- [Activity]: Reproduce the section of the listing that begins at the line containing "20586 Old Montreal" and finishes at the line containing "Volkswagen Touran III, 2012". Include both end lines and nothing beyond them.

- [Given information]:

——

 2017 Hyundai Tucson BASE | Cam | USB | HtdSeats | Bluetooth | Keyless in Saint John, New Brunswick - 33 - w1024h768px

——

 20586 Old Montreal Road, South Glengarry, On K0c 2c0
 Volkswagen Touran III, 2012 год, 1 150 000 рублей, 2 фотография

——

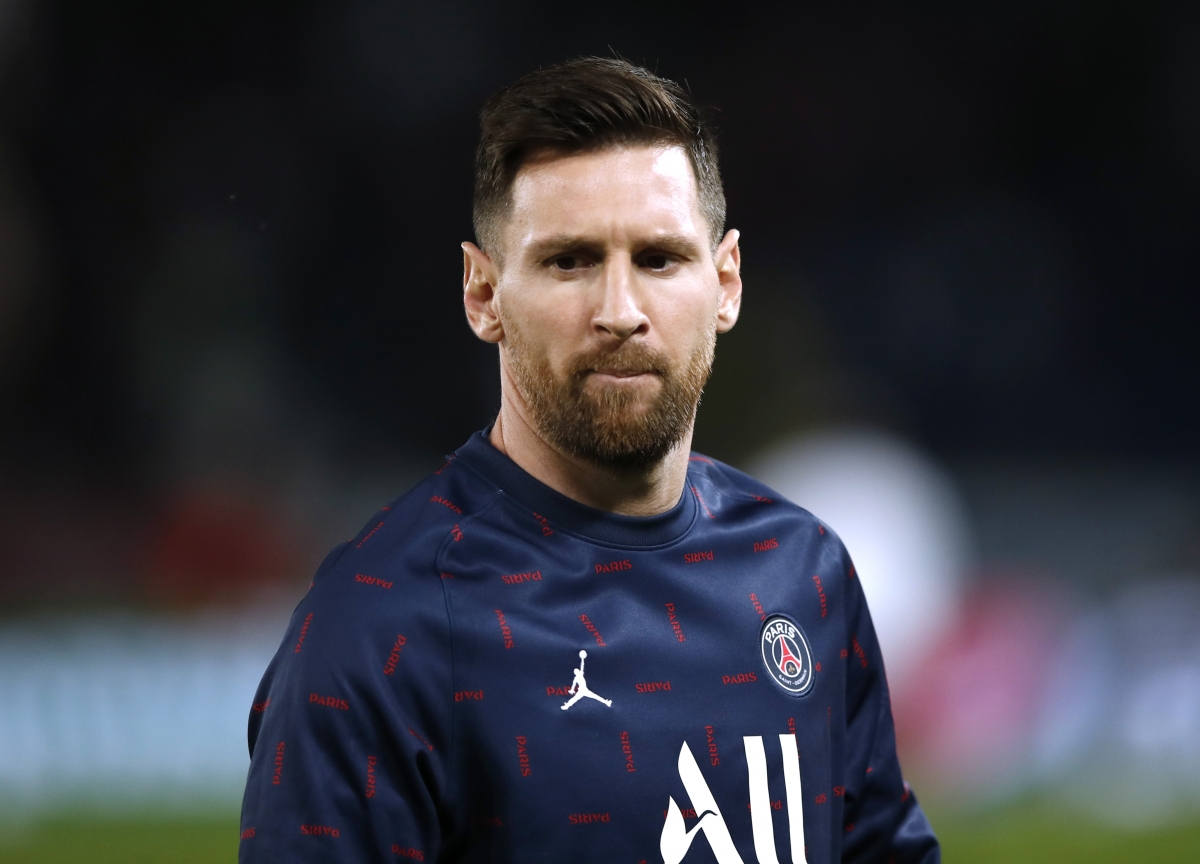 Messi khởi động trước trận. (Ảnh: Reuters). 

——

- [Written response]:
 20586 Old Montreal Road, South Glengarry, On K0c 2c0
 Volkswagen Touran III, 2012 год, 1 150 000 рублей, 2 фотография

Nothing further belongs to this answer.